En outre, le yuan n'a pas chuté aussi fortement par rapport au billet vert que l'euro, le yen et d'autres grandes devises cette année, ce qui lui permet de rester relativement résistant par rapport à un panier de devises des principaux partenaires commerciaux de la Chine, avec une baisse de seulement 1,4 % depuis le début de l'année.

Les autorités chinoises, qui ont souligné qu'elles voulaient rendre le yuan plus international et plus axé sur le marché, visent non pas à contrôler la valeur à long terme du yuan, mais à empêcher une dépréciation soudaine à court terme qui perturberait son économie et les flux de capitaux, selon les analystes.
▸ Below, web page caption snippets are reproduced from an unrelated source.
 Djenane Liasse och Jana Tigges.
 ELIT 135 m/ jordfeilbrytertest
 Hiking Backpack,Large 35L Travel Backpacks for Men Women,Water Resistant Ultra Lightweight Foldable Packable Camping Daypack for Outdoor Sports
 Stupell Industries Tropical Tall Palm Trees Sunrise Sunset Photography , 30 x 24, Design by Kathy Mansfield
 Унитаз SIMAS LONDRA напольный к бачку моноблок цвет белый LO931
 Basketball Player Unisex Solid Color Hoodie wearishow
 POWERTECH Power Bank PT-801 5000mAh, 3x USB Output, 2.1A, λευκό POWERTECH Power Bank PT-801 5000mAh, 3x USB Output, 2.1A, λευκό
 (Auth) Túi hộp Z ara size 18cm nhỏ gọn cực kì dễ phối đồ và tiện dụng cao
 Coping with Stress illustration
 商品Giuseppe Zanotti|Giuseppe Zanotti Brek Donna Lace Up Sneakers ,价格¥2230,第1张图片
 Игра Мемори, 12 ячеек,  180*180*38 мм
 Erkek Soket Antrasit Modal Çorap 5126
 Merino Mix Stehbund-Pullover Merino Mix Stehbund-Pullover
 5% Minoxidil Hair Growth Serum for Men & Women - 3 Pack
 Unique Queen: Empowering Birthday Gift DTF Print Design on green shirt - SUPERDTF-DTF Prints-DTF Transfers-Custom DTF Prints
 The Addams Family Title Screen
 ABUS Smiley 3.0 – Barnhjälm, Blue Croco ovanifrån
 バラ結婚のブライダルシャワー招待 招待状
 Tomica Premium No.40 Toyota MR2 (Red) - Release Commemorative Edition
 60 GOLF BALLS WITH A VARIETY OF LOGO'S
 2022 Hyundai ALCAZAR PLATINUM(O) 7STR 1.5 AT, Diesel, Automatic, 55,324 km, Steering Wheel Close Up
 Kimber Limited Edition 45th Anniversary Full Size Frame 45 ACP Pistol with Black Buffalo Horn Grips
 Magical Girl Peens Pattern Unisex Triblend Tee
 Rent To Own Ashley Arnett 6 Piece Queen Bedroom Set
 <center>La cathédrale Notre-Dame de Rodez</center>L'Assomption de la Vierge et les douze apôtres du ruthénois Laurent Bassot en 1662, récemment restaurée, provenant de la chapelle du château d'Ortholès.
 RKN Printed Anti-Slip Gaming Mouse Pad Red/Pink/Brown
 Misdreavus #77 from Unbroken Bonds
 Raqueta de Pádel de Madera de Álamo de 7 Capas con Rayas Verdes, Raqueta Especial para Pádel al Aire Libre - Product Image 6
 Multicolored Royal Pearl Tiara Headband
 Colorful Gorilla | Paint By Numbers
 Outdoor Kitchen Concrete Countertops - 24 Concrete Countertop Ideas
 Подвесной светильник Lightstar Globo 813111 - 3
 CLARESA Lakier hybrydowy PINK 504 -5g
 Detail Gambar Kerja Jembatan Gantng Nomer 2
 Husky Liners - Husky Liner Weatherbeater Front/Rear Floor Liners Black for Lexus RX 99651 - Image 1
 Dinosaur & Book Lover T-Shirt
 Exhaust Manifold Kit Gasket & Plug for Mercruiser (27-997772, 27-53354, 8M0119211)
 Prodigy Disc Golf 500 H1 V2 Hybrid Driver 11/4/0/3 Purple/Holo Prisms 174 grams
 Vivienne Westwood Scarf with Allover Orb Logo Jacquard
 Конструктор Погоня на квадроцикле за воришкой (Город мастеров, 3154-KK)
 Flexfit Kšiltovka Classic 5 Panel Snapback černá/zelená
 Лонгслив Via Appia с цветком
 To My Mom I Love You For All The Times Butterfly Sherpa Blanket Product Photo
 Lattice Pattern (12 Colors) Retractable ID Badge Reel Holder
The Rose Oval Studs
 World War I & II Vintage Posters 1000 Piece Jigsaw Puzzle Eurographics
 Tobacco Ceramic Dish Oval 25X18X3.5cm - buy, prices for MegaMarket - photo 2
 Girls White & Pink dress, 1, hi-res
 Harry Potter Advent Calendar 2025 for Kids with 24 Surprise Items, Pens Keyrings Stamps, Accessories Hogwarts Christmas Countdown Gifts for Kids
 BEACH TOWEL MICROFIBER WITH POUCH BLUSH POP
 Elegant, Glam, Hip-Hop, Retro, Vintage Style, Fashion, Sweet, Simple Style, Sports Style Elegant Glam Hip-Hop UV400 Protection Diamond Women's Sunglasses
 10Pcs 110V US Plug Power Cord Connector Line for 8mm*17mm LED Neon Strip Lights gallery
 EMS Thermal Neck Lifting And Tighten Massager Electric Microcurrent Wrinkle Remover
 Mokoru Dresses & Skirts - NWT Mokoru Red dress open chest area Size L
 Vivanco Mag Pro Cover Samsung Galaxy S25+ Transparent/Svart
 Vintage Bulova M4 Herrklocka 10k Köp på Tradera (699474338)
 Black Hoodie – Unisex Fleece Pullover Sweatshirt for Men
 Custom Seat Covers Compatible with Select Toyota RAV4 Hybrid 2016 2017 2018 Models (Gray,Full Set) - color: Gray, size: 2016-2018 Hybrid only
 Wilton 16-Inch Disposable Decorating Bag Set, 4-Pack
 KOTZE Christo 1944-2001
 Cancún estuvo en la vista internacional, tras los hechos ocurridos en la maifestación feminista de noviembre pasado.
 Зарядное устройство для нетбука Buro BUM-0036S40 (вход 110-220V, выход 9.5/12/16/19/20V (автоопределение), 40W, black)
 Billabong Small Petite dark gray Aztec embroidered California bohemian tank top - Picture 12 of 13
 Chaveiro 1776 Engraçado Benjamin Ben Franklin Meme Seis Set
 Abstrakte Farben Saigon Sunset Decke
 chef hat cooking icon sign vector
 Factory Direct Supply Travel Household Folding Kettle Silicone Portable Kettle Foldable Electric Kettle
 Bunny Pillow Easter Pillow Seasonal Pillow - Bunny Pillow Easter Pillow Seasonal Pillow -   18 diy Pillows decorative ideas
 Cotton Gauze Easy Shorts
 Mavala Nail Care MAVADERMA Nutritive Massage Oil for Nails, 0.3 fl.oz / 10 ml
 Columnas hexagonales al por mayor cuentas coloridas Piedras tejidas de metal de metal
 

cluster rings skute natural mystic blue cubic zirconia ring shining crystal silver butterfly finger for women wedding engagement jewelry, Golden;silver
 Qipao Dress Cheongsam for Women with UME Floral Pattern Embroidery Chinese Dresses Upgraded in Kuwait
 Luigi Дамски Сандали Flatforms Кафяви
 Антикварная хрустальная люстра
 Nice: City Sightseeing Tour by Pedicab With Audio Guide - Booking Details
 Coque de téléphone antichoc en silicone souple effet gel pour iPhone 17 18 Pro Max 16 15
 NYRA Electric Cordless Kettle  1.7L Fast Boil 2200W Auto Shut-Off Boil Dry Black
"Alors que la Chine part en vacances pour une semaine, la menace d'une intervention sur le yuan offshore pourrait maintenir un frein à la dépréciation à court terme", a déclaré Khoon Goh, responsable de la recherche sur l'Asie chez ANZ.

Les marchés financiers de la Chine continentale sont fermés pour les vacances de la Fête nationale à partir du 1er octobre, au cours desquelles il n'y aura pas de commerce onshore ni d'orientation quotidienne par le biais de réglages à mi-parcours. Les échanges reprendront le 10 octobre.

Goh a toutefois ajouté que la durée pendant laquelle la menace desenews restera effective dépendra de la tendance du dollar.

"Alors que les autorités voudront maintenir la stabilité des devises jusqu'au Congrès du Parti, le différentiel de rendement croissant entre les États-Unis et la Chine pourrait encore voir la faiblesse du yuan réapparaître plus tard dans l'année."